Outside traders can help the system, but only if it is well designed
enough.) That would be a step forwards. It might not even be a tiny
step forwards,
because the big conflicts in Washington clearly show a schism between
fundamental investors who care about lasting long-term value (like
Buffet)
versus glassy eyed manic types who make money on Wall Street through
fast myopic games and donate lots of money to the misnamed
"Club for Growth" (a club to extract as much tax breaks from the US as
possible, without asking a lot of questions about how long the US can
last).

But what about the larger system?

So far as I can tell, the nations of the world are stuck in an
inferior Nash equilibrium, which prevents any of them from really
moving to full
economic recovery in the one or two years we became used to in the US
after World War II. (Many other nations have experienced
"lost decades" in this period.) In theory, they could get out of this
, and acquire at least an option for rapid economic recovery,
if they somehow could achieve some kind of arrangement for one to four
crucial variables... the most important being real interest rates.
For example, for the United States, Greece and France, the issue of
interest rates (and oil prices) is entangled
with any hope of rapid recovery, in several ways.

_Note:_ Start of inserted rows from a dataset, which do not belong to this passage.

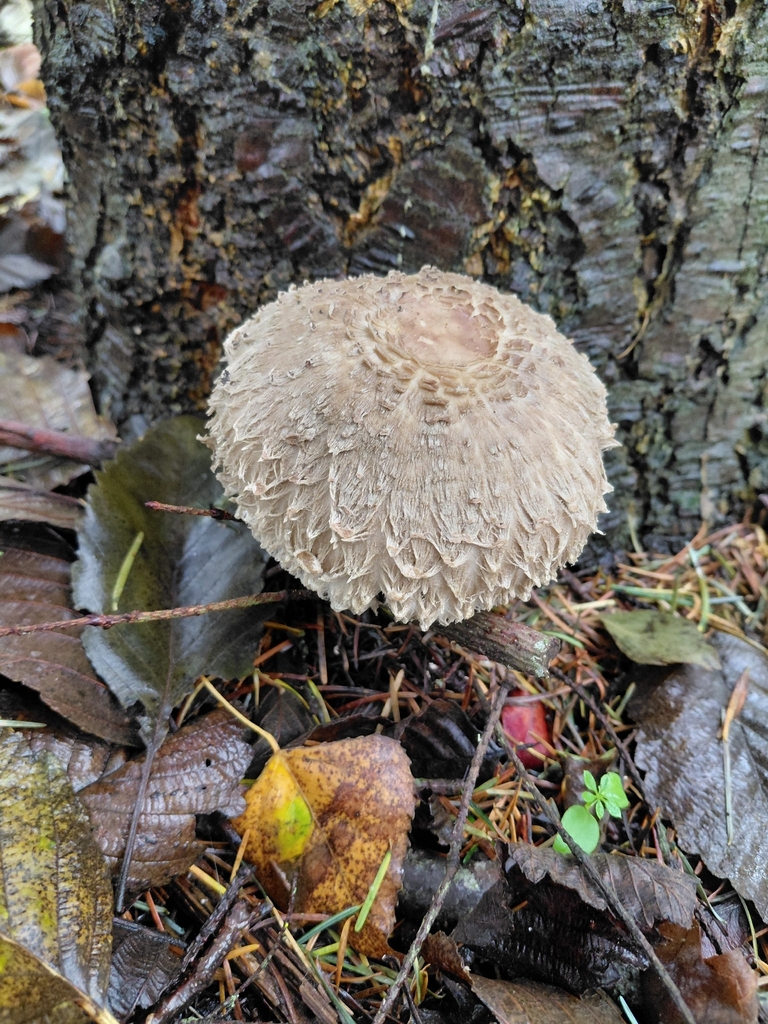 Chlorophyllum olivieri · November 2025 · photo: © fletchermoore (iNaturalist, cc-by)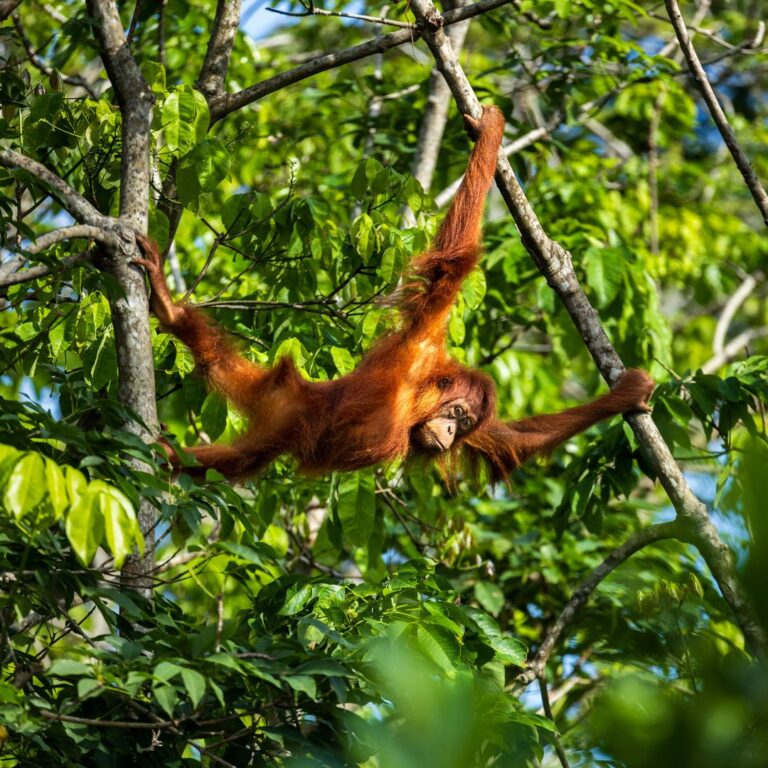 Answering Your Questions About Canopy Bridges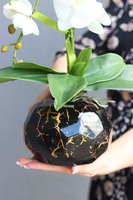 Black & Gold Abigail, storczyk w złoto-czarnej donicy, wys.50cm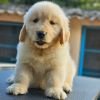 DogsIndia.com Golden Retriever Jayachandra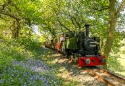 Steaming through the Bluebells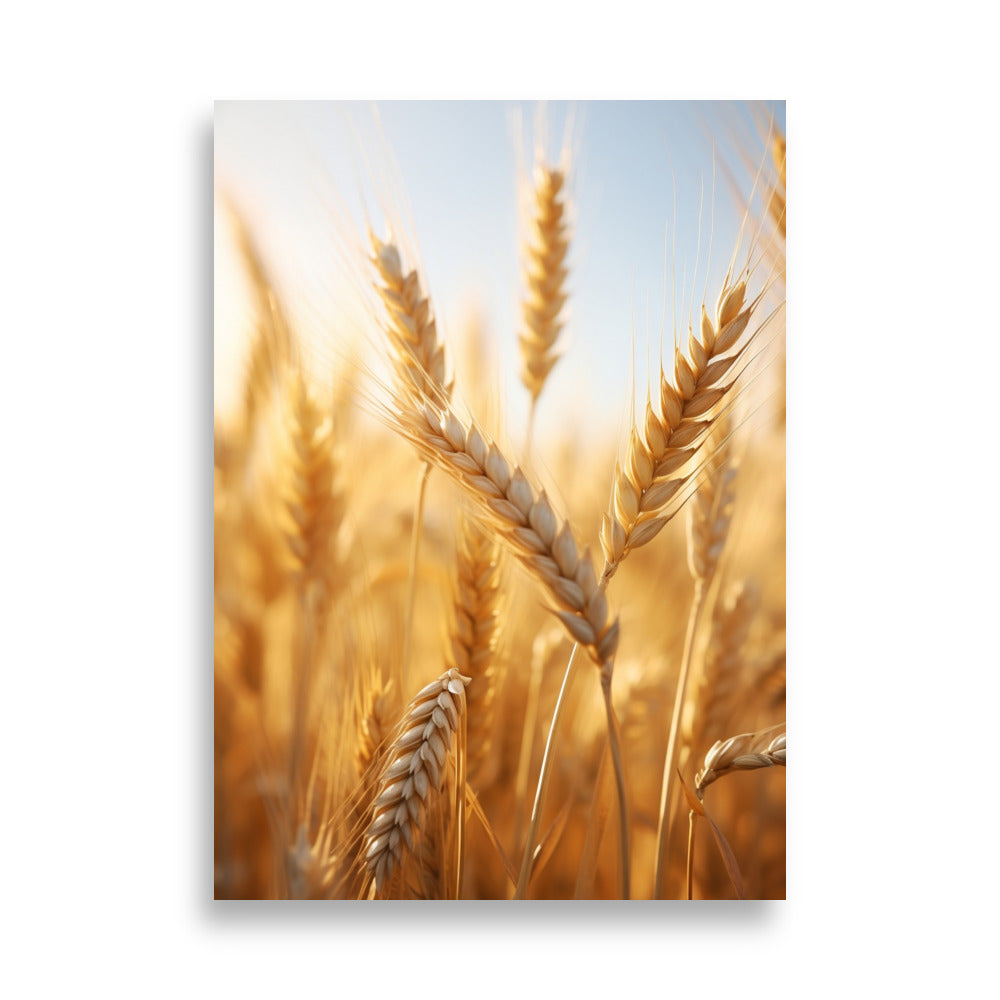 Wheat poster - Posters - EMELART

A major difficulty in finding a way to use new algorithms is the
inevitable role of human judgment in these systems.
George Soros (an op-ed in Financial Times today?) has a suggestion for
solving the eurozone crisis by a new mechanism
for a new kind of eurobond, which inevitable relies on bankers glaring
across the table at national governments,
just as bankers issuing mortgages have to judge credit risks, and NSF
program directors and reviewers
have to make difficult decisions about research proposals.

What can be done about the rules of THESE kinds of games?